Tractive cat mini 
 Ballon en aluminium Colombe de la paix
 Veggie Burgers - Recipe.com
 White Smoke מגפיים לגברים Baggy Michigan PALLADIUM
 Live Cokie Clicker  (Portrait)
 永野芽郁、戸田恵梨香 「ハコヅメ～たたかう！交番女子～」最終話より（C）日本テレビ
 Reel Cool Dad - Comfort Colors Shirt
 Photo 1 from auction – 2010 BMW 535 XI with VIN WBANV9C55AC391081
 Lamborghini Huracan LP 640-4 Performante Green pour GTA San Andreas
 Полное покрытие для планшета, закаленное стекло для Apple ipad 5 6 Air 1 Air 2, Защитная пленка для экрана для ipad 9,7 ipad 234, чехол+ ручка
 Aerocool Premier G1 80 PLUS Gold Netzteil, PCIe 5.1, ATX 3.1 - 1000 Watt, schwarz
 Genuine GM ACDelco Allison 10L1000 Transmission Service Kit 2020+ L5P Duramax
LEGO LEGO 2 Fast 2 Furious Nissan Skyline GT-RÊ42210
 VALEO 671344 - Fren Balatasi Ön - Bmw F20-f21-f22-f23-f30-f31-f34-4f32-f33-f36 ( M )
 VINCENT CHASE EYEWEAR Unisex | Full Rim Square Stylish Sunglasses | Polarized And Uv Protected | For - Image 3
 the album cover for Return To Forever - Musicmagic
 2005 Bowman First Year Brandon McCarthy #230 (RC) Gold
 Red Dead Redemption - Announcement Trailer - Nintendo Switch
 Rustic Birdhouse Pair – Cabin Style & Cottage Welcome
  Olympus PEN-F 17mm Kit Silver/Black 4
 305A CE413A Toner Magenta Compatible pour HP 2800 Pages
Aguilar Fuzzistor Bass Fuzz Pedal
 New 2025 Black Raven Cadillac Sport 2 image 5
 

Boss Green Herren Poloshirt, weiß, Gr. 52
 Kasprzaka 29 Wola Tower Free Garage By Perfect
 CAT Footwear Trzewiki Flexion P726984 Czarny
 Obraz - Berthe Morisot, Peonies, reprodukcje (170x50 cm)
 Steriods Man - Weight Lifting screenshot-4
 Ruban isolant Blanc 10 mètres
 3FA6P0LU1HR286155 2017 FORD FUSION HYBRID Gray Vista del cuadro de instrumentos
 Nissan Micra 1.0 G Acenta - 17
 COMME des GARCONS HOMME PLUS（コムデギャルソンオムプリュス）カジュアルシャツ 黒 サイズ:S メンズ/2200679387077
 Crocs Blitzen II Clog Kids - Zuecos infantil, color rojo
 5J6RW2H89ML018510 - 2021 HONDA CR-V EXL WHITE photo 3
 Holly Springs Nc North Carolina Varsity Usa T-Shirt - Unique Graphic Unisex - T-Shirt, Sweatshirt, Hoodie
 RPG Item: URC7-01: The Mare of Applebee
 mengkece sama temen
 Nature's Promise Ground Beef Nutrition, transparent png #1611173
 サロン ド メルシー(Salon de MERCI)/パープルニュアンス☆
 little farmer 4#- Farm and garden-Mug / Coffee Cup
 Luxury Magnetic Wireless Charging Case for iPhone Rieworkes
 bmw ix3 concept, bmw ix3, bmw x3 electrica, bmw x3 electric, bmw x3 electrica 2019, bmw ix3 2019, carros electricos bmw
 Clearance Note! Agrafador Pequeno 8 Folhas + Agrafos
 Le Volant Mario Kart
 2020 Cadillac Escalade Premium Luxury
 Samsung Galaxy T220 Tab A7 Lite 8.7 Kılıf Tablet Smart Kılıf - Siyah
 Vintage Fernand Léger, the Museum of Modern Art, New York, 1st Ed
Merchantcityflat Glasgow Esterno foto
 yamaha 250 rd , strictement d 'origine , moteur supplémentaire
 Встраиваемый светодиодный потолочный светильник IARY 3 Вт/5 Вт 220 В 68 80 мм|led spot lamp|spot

» YOUR GOAL
Starting at the line that contains "Luxury Magnetic Wireless" and ending at the last line of the data, repeat each line exactly; include nothing else.

» RESPONSE BELOW
 Luxury Magnetic Wireless Charging Case for iPhone Rieworkes
 bmw ix3 concept, bmw ix3, bmw x3 electrica, bmw x3 electric, bmw x3 electrica 2019, bmw ix3 2019, carros electricos bmw
 Clearance Note! Agrafador Pequeno 8 Folhas + Agrafos
 Le Volant Mario Kart
 2020 Cadillac Escalade Premium Luxury
 Samsung Galaxy T220 Tab A7 Lite 8.7 Kılıf Tablet Smart Kılıf - Siyah
 Vintage Fernand Léger, the Museum of Modern Art, New York, 1st Ed
Merchantcityflat Glasgow Esterno foto
 yamaha 250 rd , strictement d 'origine , moteur supplémentaire
 Встраиваемый светодиодный потолочный светильник IARY 3 Вт/5 Вт 220 В 68 80 мм|led spot lamp|spot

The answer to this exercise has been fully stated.